Senate Democrats unite behind several bills

NY Capitol News

In a historic moment on Tuesday, the Independent Democratic Conference and the Senate Democrats held their first press conference as a unified conference.

“I want to thank all of my colleagues here, starting with my deputy leader Jeff Klein,” Senate Democratic Leader Andrea Stewart-Cousins (D-Yonkers) said.

And like that, Stewart-Cousins welcomed former Independent Democratic Leader, Jeff Klein back in the fold. For the first time in seven years, since the group split from the Democrats in 2011, the newly unified Democrats stood together to address the press.

The issue they chose to focus on was early voting.

“The essence of our democracy depends on making sure people have an easy way of voting,” Senator Jeff Klein (D-Bronx) said.

Only 57 percent of eligible voters in NY voted in the 2016 presidential election, a time when more people usually turn out to vote. The Democratic Conference says this is because there is a lack of flexibility at the polls.

“Most people want to vote and their reason for not voting is sometimes a basic childcare issue, had to take care of the kids.

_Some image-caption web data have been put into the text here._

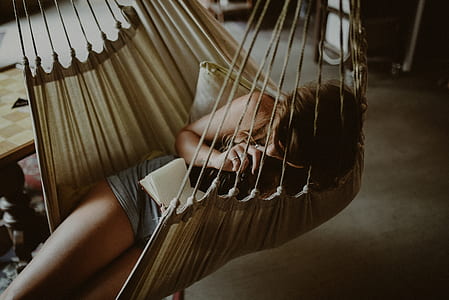 person lay on white swing thumbnail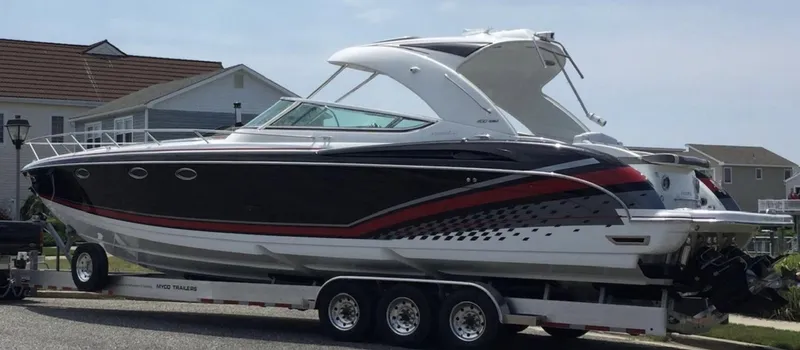  Yacht Photos Pics 2015 Formula 400 FX8 boat on a trailer in a residential area.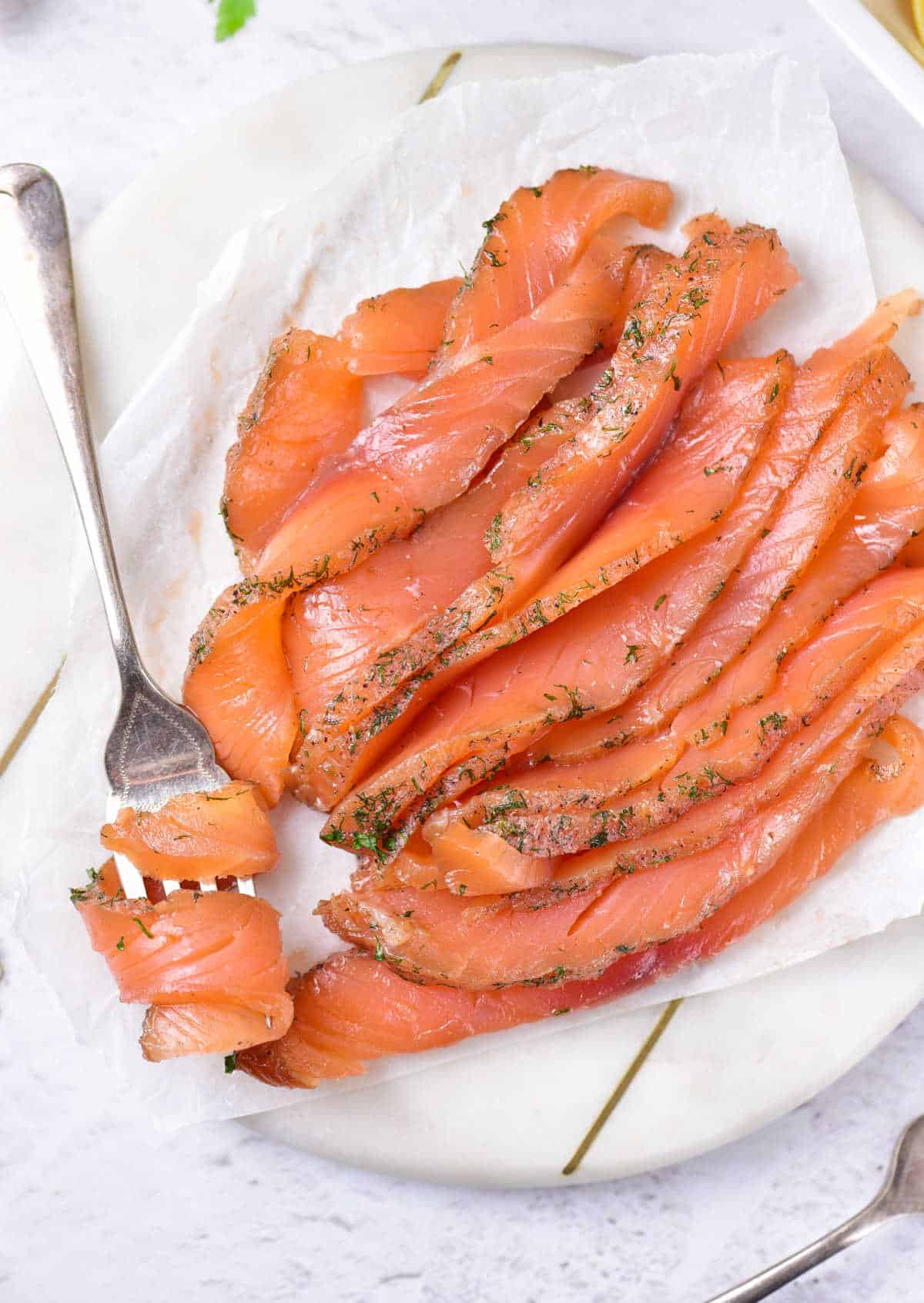 Slices of gravlax on a white plate with silver fork. White surface. 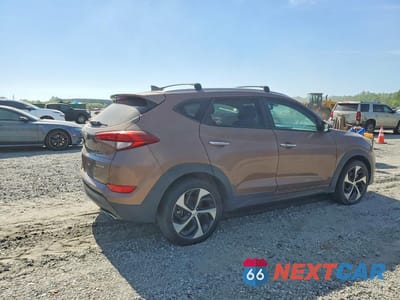 Trzecie zdjęcie samochodu z tyłu: 2016 HYUNDAI TUCSON LIMITED VIN:KM8J33A20GU152629 - miniatura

Or they were working late or they didn’t know about the election.”

The Democrats are rolling out a package of bills that are meant to make it easier to vote early or absentee, give advance notice of election dates, and make the hours polling places are open more consistent

The Republican-controlled Senate, however, has been unable to pass early voting in the past.

“Republicans believe the more people that vote, the less success they will have at the ballot box,” Senator Michael Gianaris (D-Astoria) said.

That sentiment is shared not only by Democrats but also Blair Horner from the public interest research group.

“Republicans view an expansion of the franchise means more Democratic voters, and that’s not the way they should view it. This is about people being able to vote and eliminating the obstacles,” Blair Horner, Executive Director of New York Public Interest Research Group (NYPIRG), said.

Early voting is already allowed in 34 states.